In the following year he became Home Secretary in India in the administration of Lord Curzon, the Viceroy of India, and in 1909 was temporarily a member of the governing council. His experience of administrative matters, including with regard to policing, proved to be useful to Curzon during the government's 1905 partition of Bengal along communal lines. So useful was his knowledge and ability that his term in India was extended for two years beyond the usual retirement age. This was to enable him to provide the summarisation, negotiation and drafting skills necessary to ensure success in administrative reform of the Provincial Councils by Curzon's successor as Viceroy, Lord Minto.

Already recognised by the Académie Française and by the award of CIE, Risley was made a Companion of the Order of the Star of India on 24 June 1904 and a Knight of the Order of the Indian Empire in 1907.

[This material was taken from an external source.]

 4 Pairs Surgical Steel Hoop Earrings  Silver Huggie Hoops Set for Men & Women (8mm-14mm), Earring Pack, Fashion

The ODNB notes that during his time in India Risley's work legitimised an inquisitive methodology which had previously been resented by the colonial subjects and that
[Risley] cultivated an intimate knowledge of the peoples of India. In 1910 he asserted that a knowledge of facts concerning the religions and habits of the peoples of India equipped a civil servant with a passport to popular regard. ... On the processes by which non-Aryan tribes are admitted into Hinduism he was recognized to be the greatest living authority ... His work completely revolutionized the native Indian view of ethnological inquiry.

==England, and death==
Back in England, having left the ICS in February 1910, Risley was appointed Permanent Secretary of the judicial department of the India Office, succeeding Charles James Lyall. In January of that same year he became President of the Royal Anthropological Institute.

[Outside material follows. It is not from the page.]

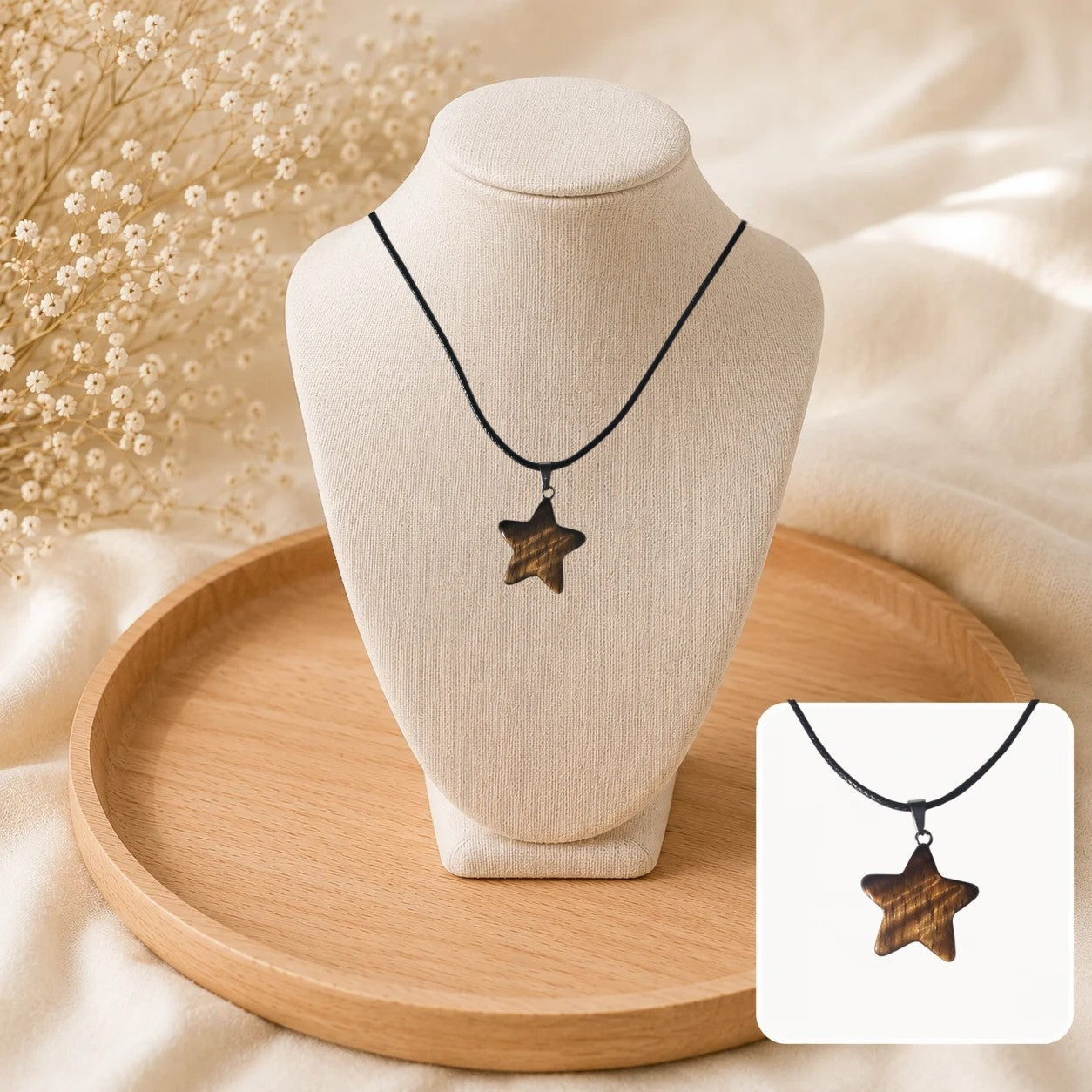 ⭐ Collier Étoile d'Œil de Tigre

According to Crooke, "the strain of [overseeing the Provincial Council reforms] on a constitution which at no time was robust doubtless laid the seeds of the fatal disease which was soon to end his life." Risley died at Wimbledon on 30 September 1911, continuing his studies to the end despite suffering what the ODNB describes as a "distressing illness". His widow was remarried to Lieutenant-General Sir Fenton Aylmer; she died in 1934.